Close on the heels of Kashmiri journalists and photographers being charged and summoned under UAPA for their reporting and social media posts comes the ‘Media Policy-2020’, approved by the Jammu and Kashmir administration on 2nd June 2020.
According to the Department of Information and Public Relations (DIPR), the policy’s mandate will propagate “welfare, development and progress to the people in an effective manner” and “to thwart misinformation, fake news… that will raise alarm against any attempt to use the media to vitiate public peace, sovereignty and integrity of the country.”

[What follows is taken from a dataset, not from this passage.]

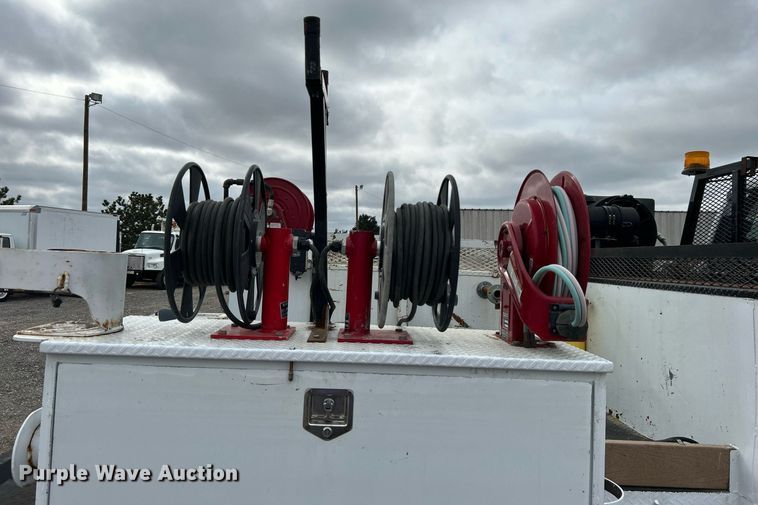 image for item KH9635 2009 Ford F650 Super Duty XL  Ext. Cab utility / service truck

Indian government’s attempts to
spin lacklustre yarn over its shameful actions would be laughable if it weren’t so alarming. For more than seven decades, the world’s largest democracy has left no stone unturned to muzzle free speech and critical expression in Kashmir against it’s rule. 2019 August was a death blow for Kashmiris with the reading down of Article 370. Signs of colonizers flooding their homeland and disrupting their culture and language was ensured through abrogation of Article 35(A). Kashmir is facing 305 days of ordinary 4G internet ban today. Their journalists have been put in jail and Kashmiris are facing physical and mental abuse on a daily basis.
But with each such policy passed, the hypocrisy served on a platter is that the state responsible for Kashmir’s misery is going to “…help create a sustained narrative on the functioning of the government in media to promote the highest standard of journalism in the Union Territory.”
It is shocking albeit unsurprising to observe the direction this latest bureaucratic flourish forces Jammu and Kashmir journalism towards. Standardised format of reporting, active dissuasion of critical journalistic efforts, do’s and don’ts dictated by the administration, and empanelment of Audio-Visual and electronic media such as FM, radio, Satellite and cable TV channels for the first time in Kashmiri media history.
But the Kashmiris are not stepping back, especially their young journalists and photographers who are fiercely reporting against the Indian occupation and the resultant humanitarian crisis. India’s new Kashmir Media Policy may try all it wants, but we are unlikely to stop hearing and seeing the pushback.